Code for online mode

"""
Launch the vLLM server with the following command:

vllm serve ibm-granite/granite-speech-3.3-8b \
    --api-key token-abc123 \
    --max-model-len 2048 \
    --enable-lora  \
    --lora-modules speech=ibm-granite/granite-speech-3.3-8b \
    --max-lora-rank 64
"""

import base64

import requests
from openai import OpenAI

from vllm.assets.audio import AudioAsset

# Modify OpenAI's API key and API base to use vLLM's API server.
openai_api_key = "token-abc123"
openai_api_base = "http://localhost:8000/v1"

client = OpenAI(
    # defaults to os.environ.get("OPENAI_API_KEY")
    api_key=openai_api_key,
    base_url=openai_api_base,
)

base_model_name = "ibm-granite/granite-speech-3.3-8b"
lora_model_name = "speech"
# Any format supported by librosa is supported
audio_url = AudioAsset("mary_had_lamb").url

# Use base64 encoded audio in the payload
def encode_audio_base64_from_url(audio_url: str) -> str:
    """Encode an audio retrieved from a remote url to base64 format."""
    with requests.get(audio_url) as response:
        response.raise_for_status()
        result = base64.b64encode(response.content).decode('utf-8')
    return result

audio_base64 = encode_audio_base64_from_url(audio_url=audio_url)

### 1. Example with Audio
# NOTE: we pass the name of the lora model (`speech`) here because we have audio.
question = "can you transcribe the speech into a written format?"
chat_completion_with_audio = client.chat.completions.create(
    messages=[{
        "role": "user",
        "content": [
            {
                "type": "text",
                "text": question
            },
            {
                "type": "audio_url",
                "audio_url": {
                    # Any format supported by librosa is supported
                    "url": f"data:audio/ogg;base64,{audio_base64}"
                },
            },
        ],
    }],
    temperature=0.2,
    max_tokens=64,
    model=lora_model_name,
)


print(f"Audio Example - Question: {question}")
print(f"Generated text: {chat_completion_with_audio.choices[0].message.content}")

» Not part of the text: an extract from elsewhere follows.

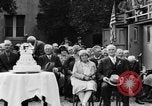 Standbild Goldene Hochzeit Party Marysville California USA, 1930, aus Sekunde 25 historischem Filmmaterial Videoclip 65675041969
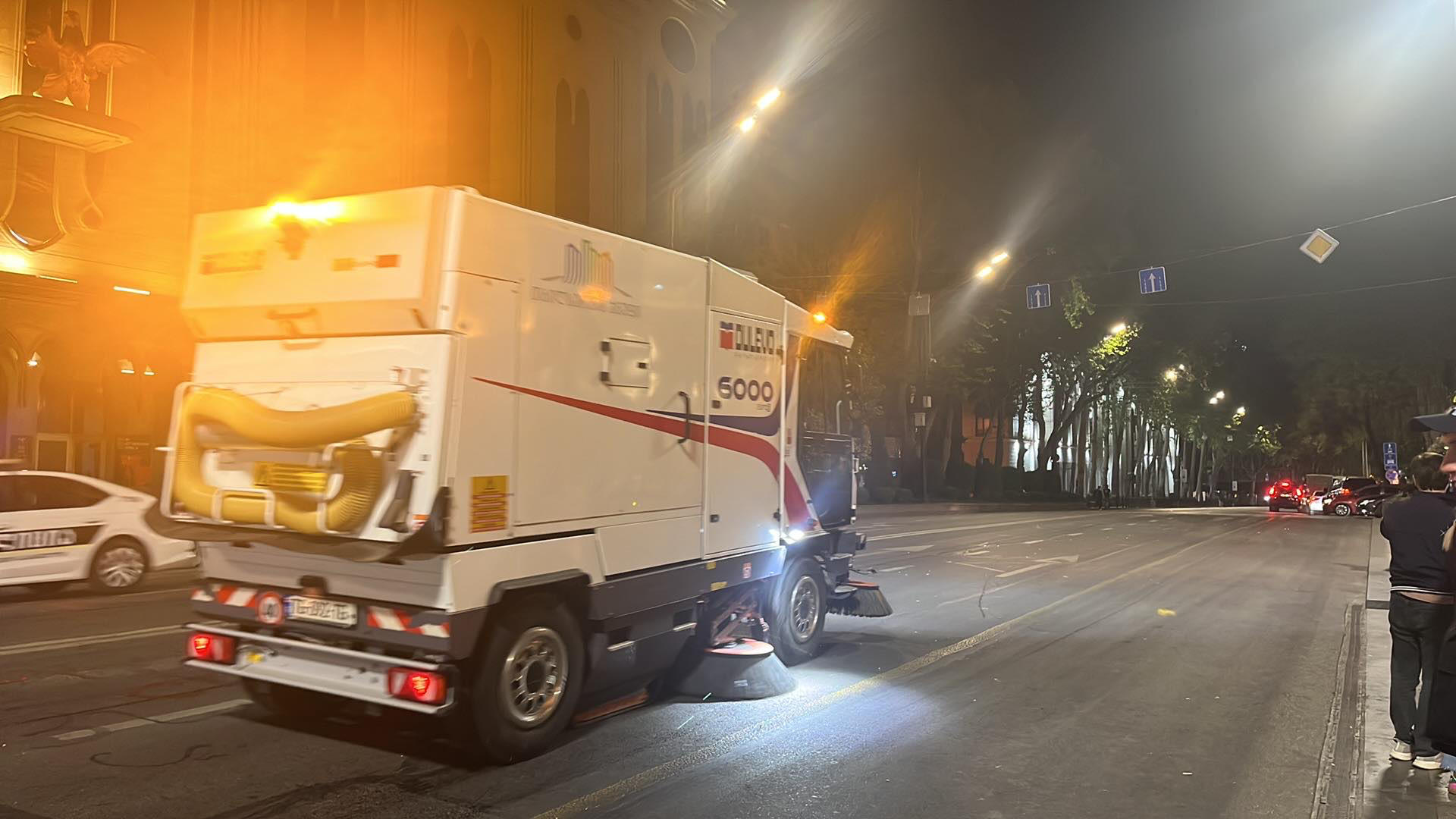 რუსთაველის გამზირზე საავტომობილო მოძრაობა აღდგა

### 2. Example without Audio
# NOTE: we pass the name of the base model here because we do not have audio.
question = "What is the capital of Brazil?"
chat_completion_with_audio = client.chat.completions.create(
    messages=[{
        "role": "user",
        "content": [
            {
                "type": "text",
                "text": question
            },
        ],
    }],
    temperature=0.2,
    max_tokens=12,
    model=base_model_name,
)

print(f"Text Only Example - Question: {question}")
print(f"Generated text: {chat_completion_with_audio.choices[0].message.content}")

📚 Documentation

Model Architecture

The architecture of granite-speech-3.3-8b consists of the following components:

(1) Speech encoder: 10 conformer blocks trained with Connectionist Temporal Classification (CTC) on character-level targets on the subset containing only ASR corpora (see configuration below). In addition, our CTC encoder uses block-attention with 4-seconds audio blocks and self-conditioned CTC from the middle layer.

Property	Details
Input dimension	160 (80 logmels x 2)
Nb. of layers	10
Hidden dimension	1024
Nb. of attention heads	8
Attention head size	128
Convolution kernel size	15
Output dimension	42

(2) Speech projector and temporal downsampler (speech-text modality adapter): we use a 2-layer window query transformer (q-former) operating on blocks of 15 1024-dimensional acoustic embeddings coming out of the last conformer block of the speech encoder that get downsampled by a factor of 5 using 3 trainable queries per block and per layer. The total temporal downsampling factor is 10 (2x from the encoder and 5x from the projector) resulting in a 10Hz acoustic embeddings rate for the LLM. The encoder, projector and LoRA adapters were fine-tuned/trained jointly on all the corpora mentioned under Training Data.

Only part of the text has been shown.